I noted there were two ways we could have gotten Lee, by signing him and the Knicks not matching the offer. The Grizzlies were prepared to offer $10 million a year for what was thought to be 5 years, which many assumed would scare the 2010 conscious Knicks away. Seth over at Poasting and Toasting disagreed:

It's hard to say what Donnie Walsh is willing to shell out for David Lee. He says he's looking for $7 or 8 million a year for any long-term deal. That's without a single offer sheet from another team, though, so one can't really know how high he'd go with competition. My guess is Walsh would be willing to pay $9 or $10 million a year for Lee's services, but just hasn't been tested.

Alternatively we could have traded for a newly re-signed Lee. A package like Darko's expiring contract and the #2 pick, which would have guaranteed the Knicks Rubio, for Lee and the #8 pick was what I assumed would be enough to swing the deal, though Seth again wasn't so sure if the Knicks would be so quick to part with Lee:

I doubt Walsh would have traded that high, as Rubio, Evans, and Curry were the real targets. Either way, in what was perceived to be a weak draft, I'm thinking no. Again, I really have no idea.

So in the end let's assuming the Grizzlies include the #27 pick, which we used to select DeMarre Carroll to get the deal up to terms. Additionally they lose the opportunity to select Hasheem Thabeet, who is believed to be our center of the future and a defensive stopper.

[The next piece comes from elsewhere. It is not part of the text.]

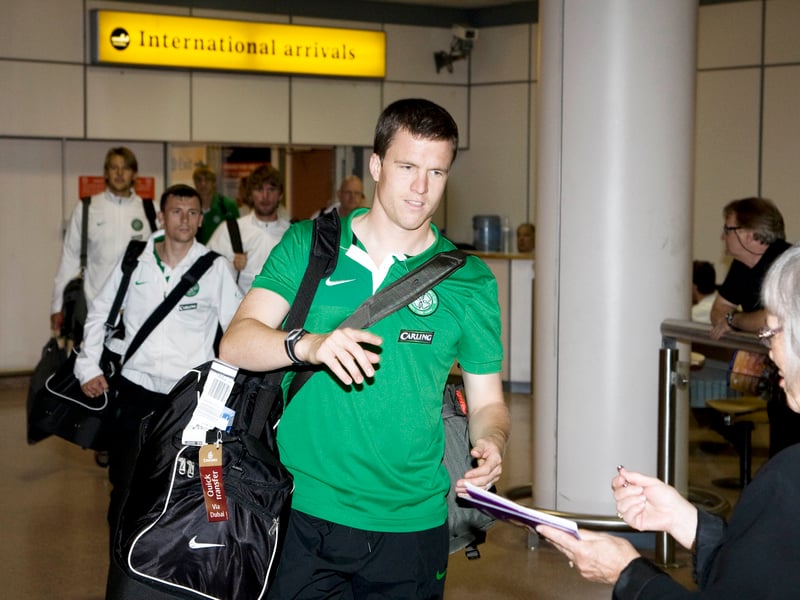 Gary Caldwell is greeted by fans at Glasgow Airport.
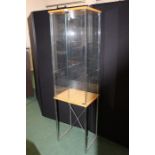 Floor standing display cabinet, raised on a cross frame support, 47cm x 171cm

At the #8 pick the Chris Wallace would perhaps have chosen DeMar DeRozan or Terrence Williams instead, who both would have worked as 6th men with O.J. Mayo moving over to log minutes point guard. Eventually either would have been strong candidates to play SG alongside Mayo a year or two down the road. We could likely still have chosen DeMarre Carroll at the #36 pick, but then would have lost Sam Young.

Our frontcourt rotation would have then included David Lee and Marc Gasol starting, Darrell Arthur and Hakim Warrick logging rotation minutes off the bench. Hamed Haddadi would have filled some minutes as the true backup center for Marc Gasol.

With this all in mind, I'm going to rate the basketball value of the David Lee path as a 7 out of 10. And, given Seth's pessimism about the possibility, I'll rate the likelihood about a 5 out of 10, which is pretty risky for a team as desperate for a starting power forward as the Grizzlies.

All that's left is the question, if you could, would you rip a hole in the time-space continuum to take a shot at Lee?